Within the entries below, please return exactly the lines from the one with "One Piece TCG" through the one with "Kings Park Spring", leaving out any pictures.

## Input data

• • •

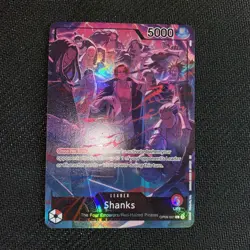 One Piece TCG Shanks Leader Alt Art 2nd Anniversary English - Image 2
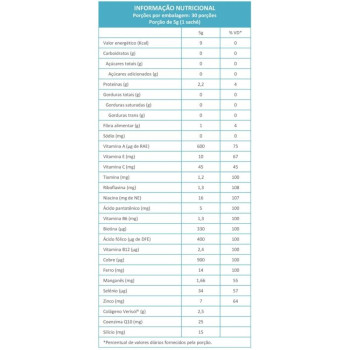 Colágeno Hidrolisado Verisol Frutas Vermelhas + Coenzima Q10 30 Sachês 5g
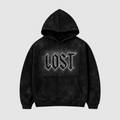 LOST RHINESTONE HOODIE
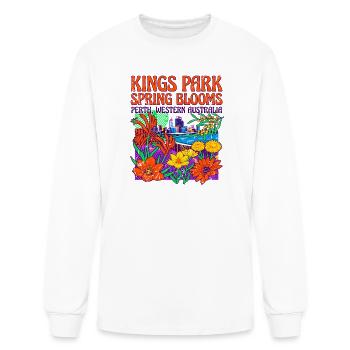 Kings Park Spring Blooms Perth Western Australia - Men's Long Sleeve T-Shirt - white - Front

• • •

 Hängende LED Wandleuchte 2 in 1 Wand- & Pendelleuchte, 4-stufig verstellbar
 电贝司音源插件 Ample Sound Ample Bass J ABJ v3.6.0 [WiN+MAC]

• • •

## Task solution
 One Piece TCG Shanks Leader Alt Art 2nd Anniversary English - Image 2
 Colágeno Hidrolisado Verisol Frutas Vermelhas + Coenzima Q10 30 Sachês 5g
 LOST RHINESTONE HOODIE
 Kings Park Spring Blooms Perth Western Australia - Men's Long Sleeve T-Shirt - white - Front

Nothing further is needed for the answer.